Bricker sold those CDs for $10 each. When they were gone, he claims he called Taang! and asked for more to sell.
“In Salt Lake City, we were out of money and the next date was in Seattle. We almost came back. When Curtis finally called us, I told him, 'You're fucking us over.' He said he didn't think it was necessary for us to have CDs on the road. He finally sent us, like, a box of 30. But by the time we got them, the tour was over.”
Casella says that all 185 titles from his Taang! catalog (including CDs by the Lemonheads, Jerry's Kids, Battalion of Saints, Stiff Little Fingers, and Buck-O-Nine) are now distributed by Universal Music.
“Universal doesn't want the bands to sell [CDs] on the road,” says Casella. He admits he balked at sending Rat City Riot the CDs they requested. “They took a bunch of CDs and never paid us. It is their job to play shows and our job to sell records.”
Bricker says that although his band paid for the recording of Dirty Rotten Games, Taang! owns the rights to the master and can produce copies if it wants. Atlanta-based indie label Street Anthem has released Open Road, Rat City Riot's six-song disc.
Before playing New York's CBGB on March 26, 2006, “Rat City Riot roadie Brock had filled up a Gatorade bottle full of piss," says singer Noah Bricker. “You know how sometimes you have to piss in the van...so he throws it into a trash can right in front of CBGB, and as we're walking in, we see this junkie pick up the Gatorade bottle from the trash. Before we could do anything, he unscrewed the cap...he had his back to us but, when he dropped the bottle and staggered off, half the piss was missing.”
Other tour highlights (noted on ratcityriot.com): Chris Barclift says “There was a skinhead riot in Montreal.”
Josh Lopez says “We watched a 12-year-old girl get wasted in a bar in Toronto.”
Rat City Riot released a new album in September 2008, with a followup in early 2011 on Riot Gear Records, Better Than Nothing.
As of 2011, the band included singer Noah Bricker, lead guitarist Kevin Grossman (formerly of Bonecrusher and Straight Faced), rhythm guitarist Andy Mensing (formerly of the Boardlords), bassist Kevin Abrams, and drummer Gavin Glenn.
In summer 2012, their CD/vinyl/digital full-length Highway Hymns was released overseas on Germany’s I Hate People Records label, in the U.S. on Riot Gear Records, and by Knock Out Records in Europe.
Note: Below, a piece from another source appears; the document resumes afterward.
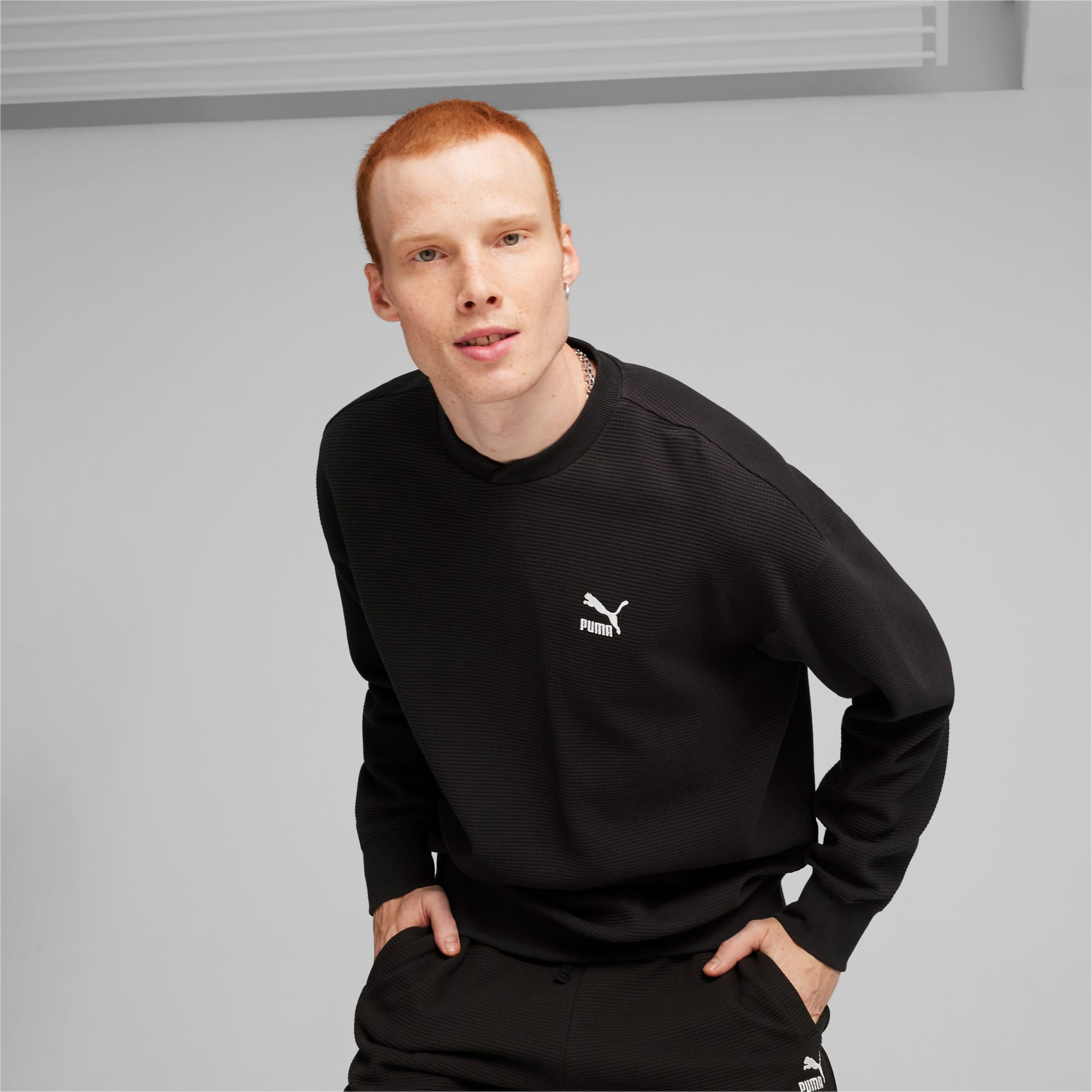 PUMA CLASSICS Sweatshirt mit Waffelstruktur Herren, Schwarz, Größe: L, Kleidung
It includes a cover of Tina Turner’s “One of the Living” (from the Mad Max Beyond Thunderdome soundtrack) and an acoustic version of an older Rat City Riot tune, “Open Road.”
Around the same time, the band opened several shows for Rancid and embarked on a July European tour that included several high profile festivals. The 2012 lineup: Noah Bricker, Andy Mensing, Kevin Grossman, Mike Hertel, and Chris Bieck.
Andy Mensing also performs growling acoustic rock, country, punk, blues as Andy Smokeboss. Mike Hertel quit the group to co-found the Dodges in late 2016, alongside Alex Snyder. After signing to local La Escalera, they released a debut full-length, Roll With.